• _SOURCE MATERIAL_:
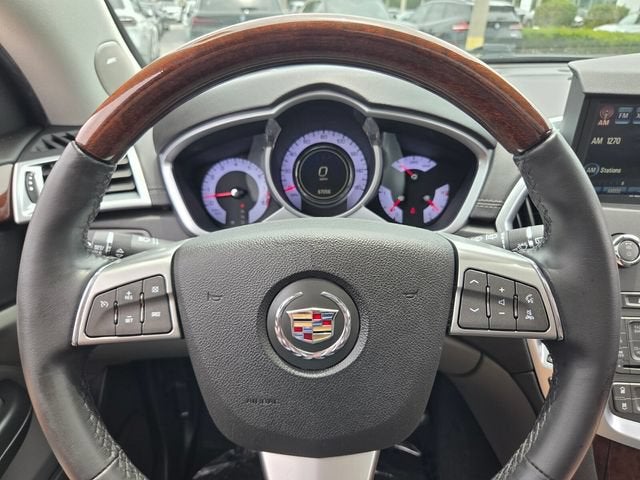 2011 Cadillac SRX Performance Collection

==

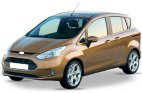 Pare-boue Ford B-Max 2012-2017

---

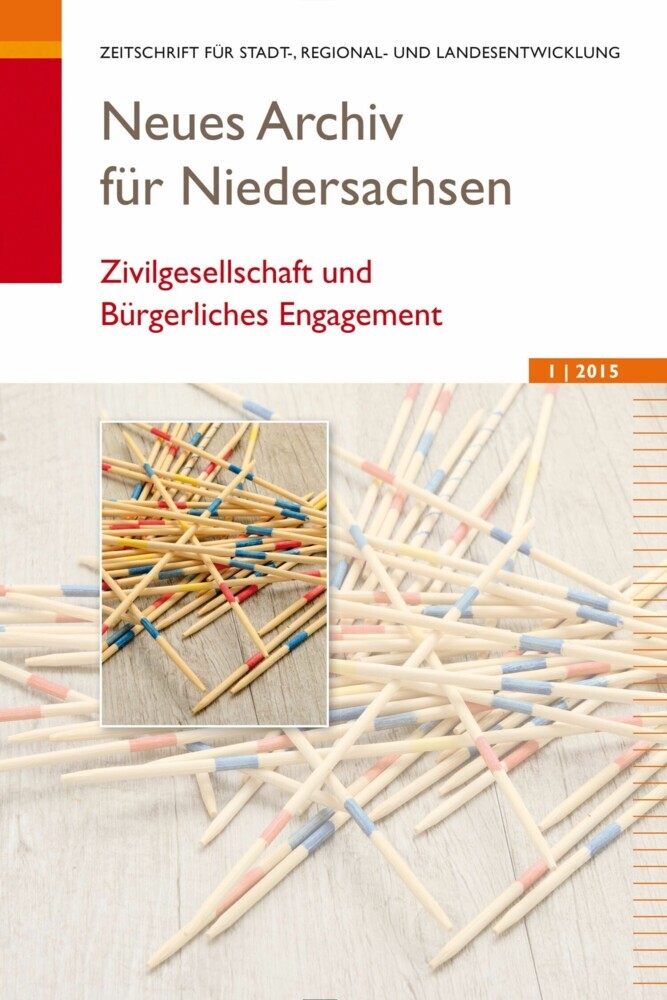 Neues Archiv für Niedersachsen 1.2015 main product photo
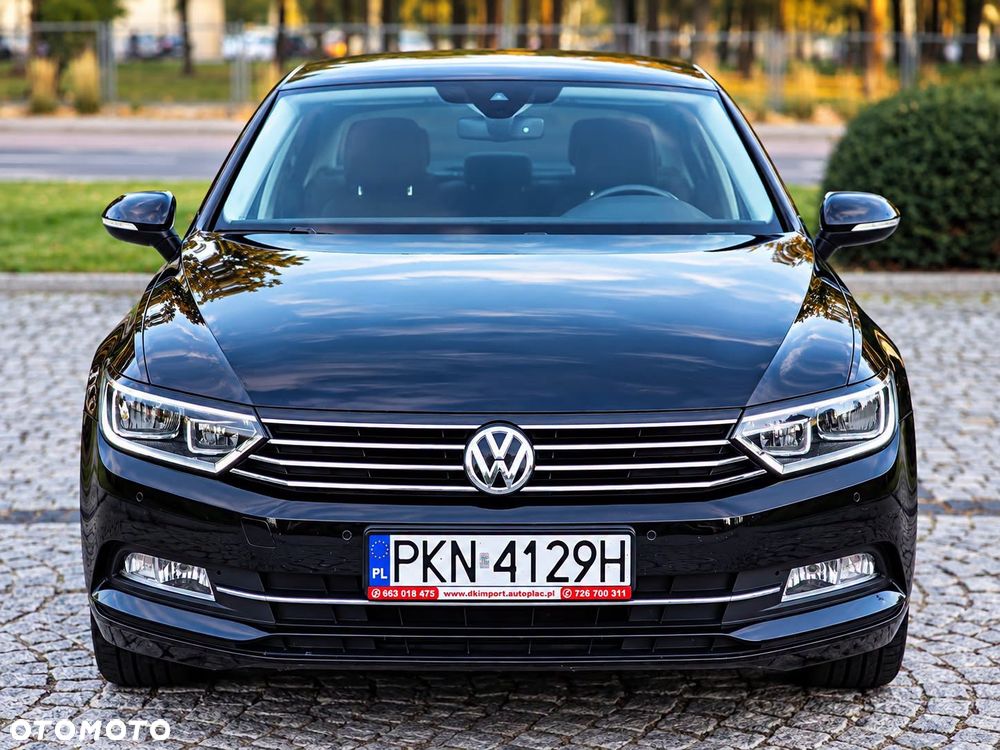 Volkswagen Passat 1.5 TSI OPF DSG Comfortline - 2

• _EXERCISE DIRECTIONS_: To complete this exercise, transcribe exactly the lines above from the one that holds "Neues Archiv für" through the one that holds "Volkswagen Passat 1.5". Pictures stay out.

• _SOLUTION TO THIS EXERCISE_:
 Neues Archiv für Niedersachsen 1.2015 main product photo
 Volkswagen Passat 1.5 TSI OPF DSG Comfortline - 2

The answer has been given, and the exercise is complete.